For those of you who haven’t been bombarded with photos and videos on social media today, the Northern Lights put on a dazzling display on Friday night.

For thousands of people across the US, UK, and Europe, it was the first time they had ever witnessed the Northern Lights – also known as aurora borealis.

The phenomenon was the result of one of the strongest geomagnetic storms for years hitting the Earth.

When charged light particles from the Sun collide with our planet’s atmospheric gases, they energize atoms and molecules, causing them to emit light.


The distinct colors of the aurora are a result of different gases in the Earth’s atmosphere being energized by the incoming charged particles.
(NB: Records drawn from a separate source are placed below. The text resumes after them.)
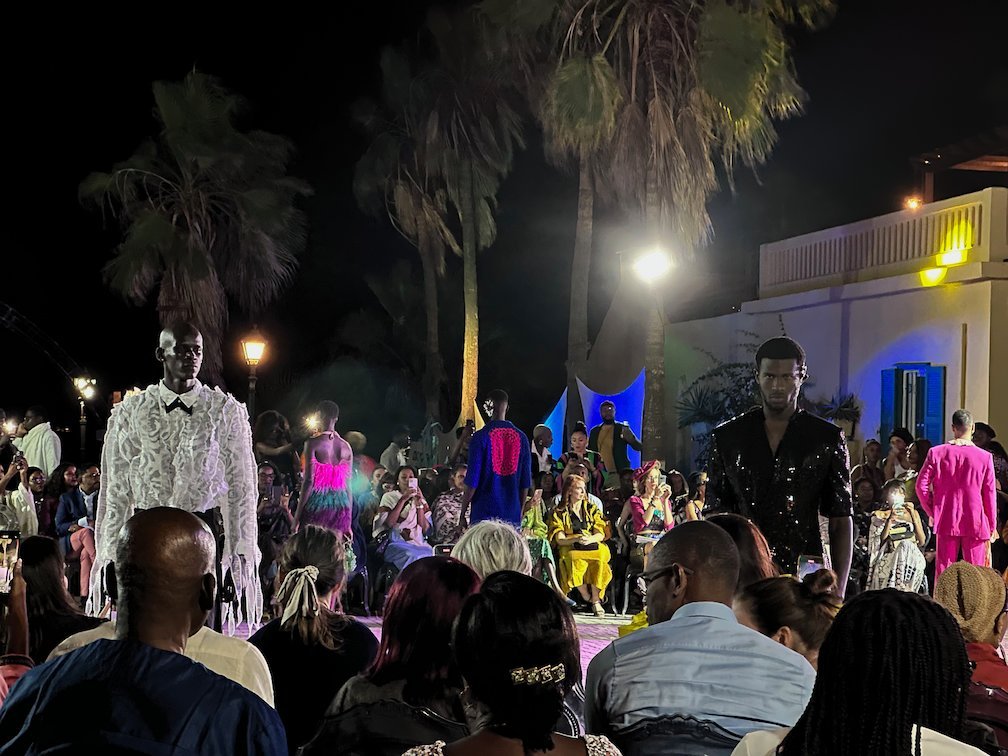 Models in bold clothes walk in front of the audience on Goree Island.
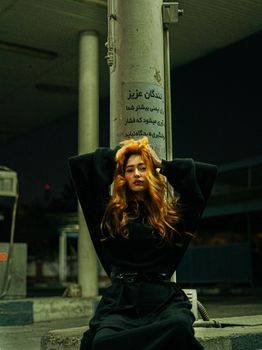 Moody portrait of a woman with long red hair at a gas station at night.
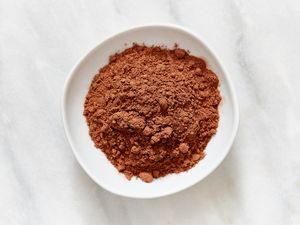 A bowl containing cocoa powder viewed from above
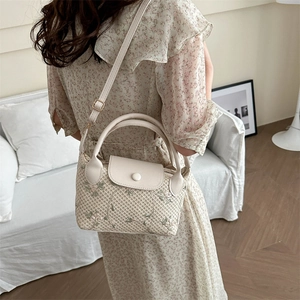 Beige woven handbag with floral embroidery and adjustable strap in home setting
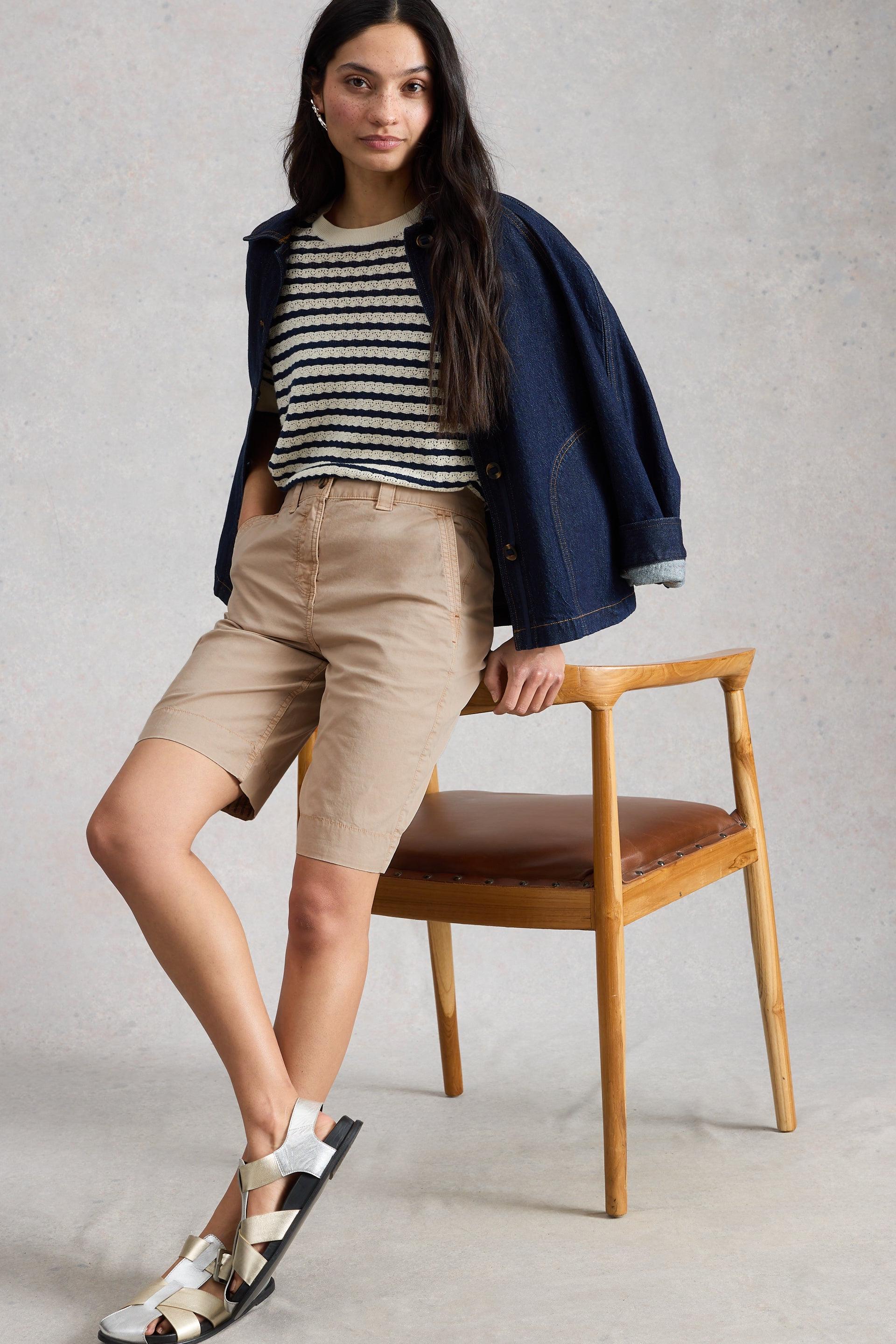 Woman sitting on a wooden chair wearing beige White Stuff shorts, a striped shirt, and a navy jacket.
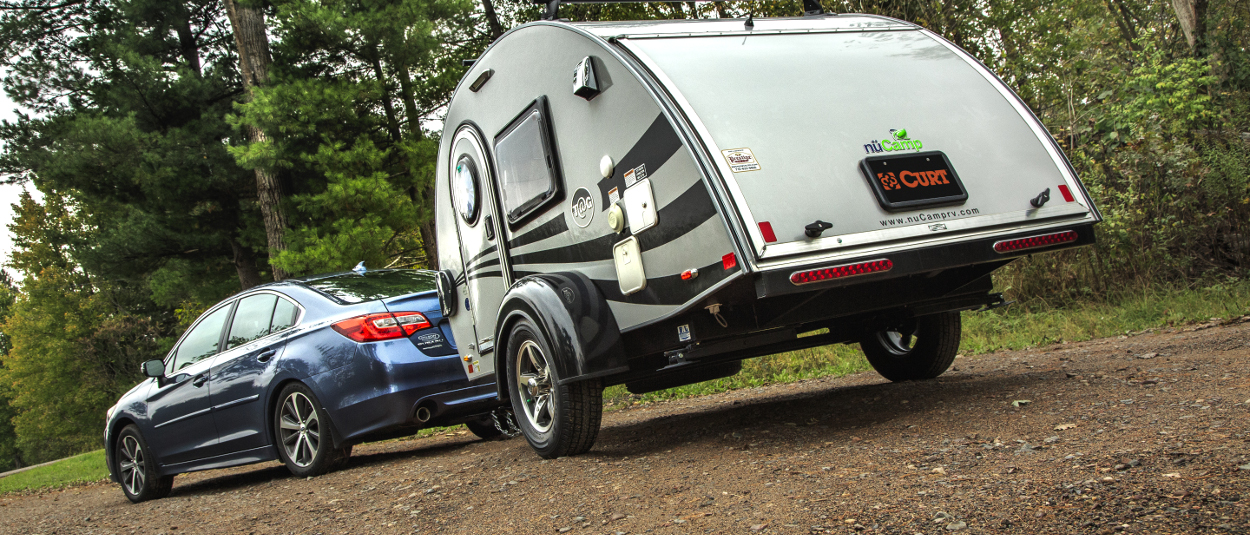 Car with class 1 hitch from CURT towing teardrop camper Car with class 1 hitch from CURT towing teardrop camper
Nitrogen and oxygen are the two most abundant gases in the atmosphere, with oxygen atoms emitting predominantly green light – the most common color observed in the Northern Lights.

Nitrogen atoms, on the other hand, emit hues of purple, blue, and pink.
In the US, the lights were visible as far south as Alabama and northern California, while in Europe, countries like Austria, Germany, Slovakia, Switzerland, Denmark, and Poland were treated to the awe-inspiring sight.

But don’t worry if you missed Friday night’s spectacular, because experts are hopeful that the aurora borealis will be visible on Saturday night (May 11) into Sunday morning.